Friday, August 13, 2010

RESTful Refactor: Combine Resources

I've been spending a lot of time thinking about RESTful web services, particularly hypermedia APIs, and I've started to discover several design patterns as I've begun to play around with these in code. Today, I want to talk about the granularity of resources, which is roughly "how much stuff shows up at a single resource". Generally speaking, RESTful architectures work better with coarser-grained resources, i.e., transferring more stuff in one response, and I'll walk through an example of that in this article.

Now, in my previous article, I suggested taking each domain object (or collection of domain objects) and making it a resource with an assigned URL. While following this path (along with the other guidelines mentioned) does gets you to a RESTful architecture, it may not always be an optimal one, and you may want to refactor your API to improve it.

Let's take, for example, the canonical and oversimplified "list of favorite things" web service.

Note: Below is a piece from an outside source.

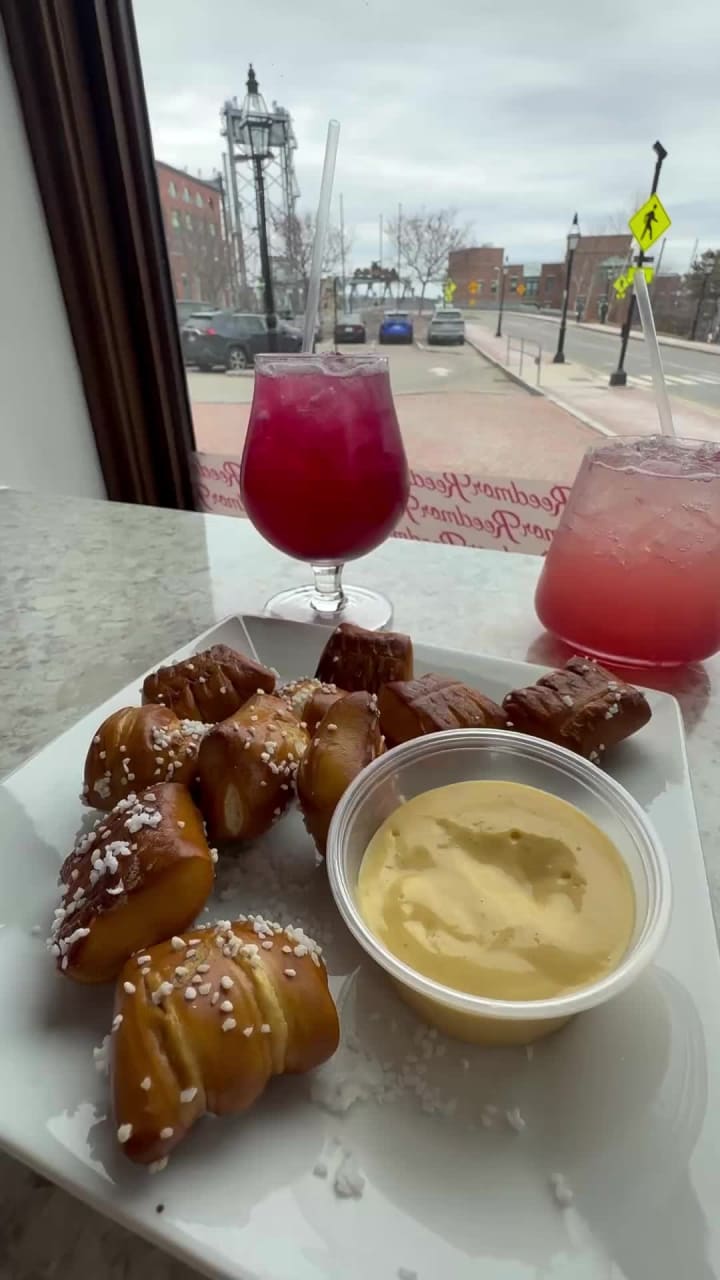 Reedmor books & brews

There are potentially two resource types:

  • a favorite thing (/favorites/{id})
  • a list of favorite things (/favorites)
All well and good, and I can model all sorts of actions here:
adding a new favorite
POST to /favorites
removing a favorite
DELETE to the specific /favorites/{id}
editing a favorite
PUT to the specific /favorites/{id}
getting the full list
GET to /favorites
Fully RESTful, great. However, let's think about cache semantics, particularly the cache semantics we should assign to the GET to /favorites. This is probably the most common request we'd have to serve, and in fact it ought to be quite cacheable, as in practice (as with a lot of user-maintained preferences or data) there are going to be lots of read accesses between writes.

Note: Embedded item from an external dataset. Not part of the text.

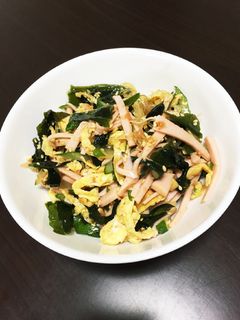 魚肉ソーセージで作る!絶品梅肉中華サラダ-レシピのメイン写真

There's a problem here, though: some of the actions that would cause an update to the list don't operate on the list's URL (namely, editing a single entry or deleting an entry). This means an intermediary HTTP cache won't invalidate the cache entry for the list when those updates happen. If we want a subsequent fetch of the list by a user to reflect an immediate update, we either have to put 'Cache-Control: max-age=0' on the list and require validation on each access, or we need the client to remember to send 'Cache-Control: no-cache' when fetching a list after an update.

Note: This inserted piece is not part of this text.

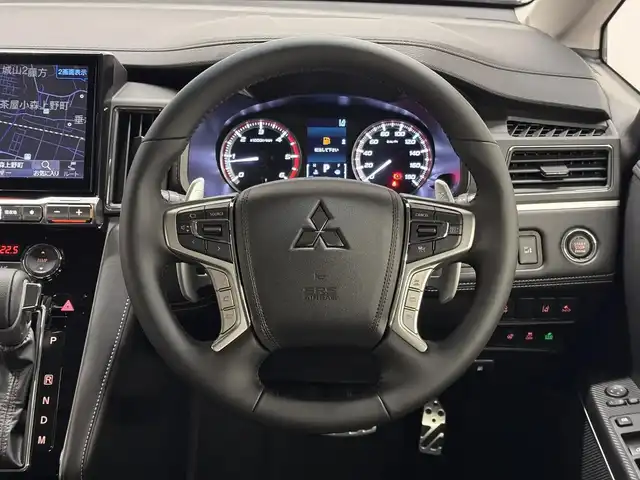 三菱 デリカＤ：５ シャモニー 三重県 2025(令7)年 0.1千km グラファイトグレーメタリック/ブラックマイカ 登録済未使用車/ディーゼル・ターボ/フルタイム4WD/MTモード付インパネ8AT/アルパイン・11インチナビ『ビッグX』EX11NX/（CD/DVD/TV/SD/FM/AM/USB/Bluetooth/外部入力/HDMI/AppleCarPlay/AndroidAuto）/12.8インチ 純正 後席フリップダウンモニター RXH12X-L/マルチアラウンドモニター/両側オートスライドドア/e-Assist/・衝突被害軽減ブレーキシステム/・車線逸脱警報システム/・レーダークルーズコントロールシステム/・オートハイビーム/・誤発進抑制機能（前進時）/・後側方車両検知警報システム（レーンチェンジアシスト機能付）［BSW/LCA］/・後退時交差車両検知警報システム［RCTA］/装備/・キャプテンシート（7人乗り）/・ハーフレザーシート/・シートヒーター（D/N）/・パワーシート（D6way）/・エレクトリックテールゲート（電動バックドア）/・左右独立オートエアコン/・後席クーラー＆ヒーター/・AC100V電源コンセント（100W）/・オートライト/・LED ヘッドランプ＋フロントフォグランプ/・パドルシフト/・オートワイパー/・純正18inAW/・プッシュスタート/・保/取/など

Putting 'Cache-Control: max-age=0' on the list resource really seems a shame; most RESTful APIs are set up to cross WAN links, and so you may be paying most of the latency of a full fetch that returned a 200 OK even if you are getting a 304 Not Modified response, especially if you have fine-grained resources that don't have a lot of data (and a textual list of 10 or so favorite items isn't a lot of data!).

Requiring the client to send 'Cache-Control: no-cache' is also problematic: the cache semantics of the resources are really supposed to be the server's concern, yet we are relying on the client to understand something extra about the relationship between various resources and their caching semantics. This is a road that leads to tight coupling between client and server, thus throwing away one of the really useful properties of a REST architecture: allowing the server and client to evolve largely independently.

Instead, let me offer the following rule of thumb: if a change to one resource should cause a cache invalidation of another resource, maybe they shouldn't be separate resources. I'll call this a "RESTful refactoring": Combining Resources.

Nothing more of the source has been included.